Model performance: therapeutic doses in populations

With the use of PBPK model, 29 trials in which AT was administered orally either as a single dose (20 studies) or in multiple dosage schedules (9 studies), were mimicked. Regarding single AT dose administration, the PK after following doses was simulated: 10 mg [53], 25 mg [19, 53, 54, 55, 56], 40 mg [57], 50 mg [20, 58, 59, 60, 61, 62, 63], 75 mg [21, 48, 64], 80 mg [57], and 100 mg [59]. The simulated PK profiles along with AT and NT (if available) concentrations observed in the clinic are presented in Fig. 1 A-AC in Supplementary Material. The predicted mean concentrations of AT were within two-fold of their respective observed means for 18 (out of 20) studies (Fig. 3).
Fig. 3

The ratio of predicted mean concentrations to observed mean concentrations of AT (red dots) and NT (blue dots). Two-fold margin is marked in pink (Color figure online)

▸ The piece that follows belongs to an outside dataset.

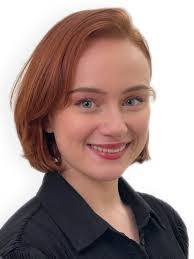 Evie Moore's Instagram, Twitter & Facebook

The simulated AUC of AT were within two-fold of their respective AUC derived from clinically observed data for 12 (out of 15 for which the AUC value was reported) studies (Fig. 4).
Fig. 4

The ratio of predicted to observed dose metrics: AUC for time-concentration profile of AT (red dots), AUC for time-concentration profile of NT (blue dots), Cmax for AT (green dots). Two-fold margin is marked in pink (Color figure online)

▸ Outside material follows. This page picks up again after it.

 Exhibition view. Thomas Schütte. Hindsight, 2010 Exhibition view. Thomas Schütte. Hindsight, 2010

The simulated Cmax for AT were within two-fold of their respective clinically observed Cmax for 9 (out of 11 for which the Cmax value was reported) (Fig. 4). The predicted mean concentrations of NT were within two-fold of their respective observed means for 8 (out of 15) studies (Fig. 3). The simulated AUC of NT were within two-fold of their respective AUC derived from clinically observed data for 5 (out of 9 for which the AUC value was reported) studies (Fig. 4).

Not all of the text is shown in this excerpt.